> [TASK]:
The lines from the start of the records below through the line containing "Rexona Anti-Bacterial Protection" are to be copied exactly, both ends included, with nothing added.
[STORED DATA — start]
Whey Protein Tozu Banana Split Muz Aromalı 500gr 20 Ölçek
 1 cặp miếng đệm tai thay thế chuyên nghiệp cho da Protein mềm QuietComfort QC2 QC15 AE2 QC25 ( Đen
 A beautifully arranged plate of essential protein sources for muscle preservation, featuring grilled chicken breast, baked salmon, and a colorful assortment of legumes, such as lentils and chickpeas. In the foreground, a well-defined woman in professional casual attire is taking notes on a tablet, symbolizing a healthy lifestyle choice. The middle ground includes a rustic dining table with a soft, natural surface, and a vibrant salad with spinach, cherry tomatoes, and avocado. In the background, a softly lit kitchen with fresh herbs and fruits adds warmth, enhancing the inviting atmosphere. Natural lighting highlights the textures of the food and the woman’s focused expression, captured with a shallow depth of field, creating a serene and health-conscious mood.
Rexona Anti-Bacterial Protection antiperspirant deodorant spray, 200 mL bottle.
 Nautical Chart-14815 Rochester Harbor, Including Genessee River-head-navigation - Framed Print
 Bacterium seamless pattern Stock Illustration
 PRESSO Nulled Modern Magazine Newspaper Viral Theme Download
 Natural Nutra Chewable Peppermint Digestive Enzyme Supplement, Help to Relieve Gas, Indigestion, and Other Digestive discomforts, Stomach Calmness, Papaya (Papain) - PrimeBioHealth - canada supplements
[STORED DATA — finish]
> [ANSWER TO THIS EXERCISE]:
Whey Protein Tozu Banana Split Muz Aromalı 500gr 20 Ölçek
 1 cặp miếng đệm tai thay thế chuyên nghiệp cho da Protein mềm QuietComfort QC2 QC15 AE2 QC25 ( Đen
 A beautifully arranged plate of essential protein sources for muscle preservation, featuring grilled chicken breast, baked salmon, and a colorful assortment of legumes, such as lentils and chickpeas. In the foreground, a well-defined woman in professional casual attire is taking notes on a tablet, symbolizing a healthy lifestyle choice. The middle ground includes a rustic dining table with a soft, natural surface, and a vibrant salad with spinach, cherry tomatoes, and avocado. In the background, a softly lit kitchen with fresh herbs and fruits adds warmth, enhancing the inviting atmosphere. Natural lighting highlights the textures of the food and the woman’s focused expression, captured with a shallow depth of field, creating a serene and health-conscious mood.
Rexona Anti-Bacterial Protection antiperspirant deodorant spray, 200 mL bottle.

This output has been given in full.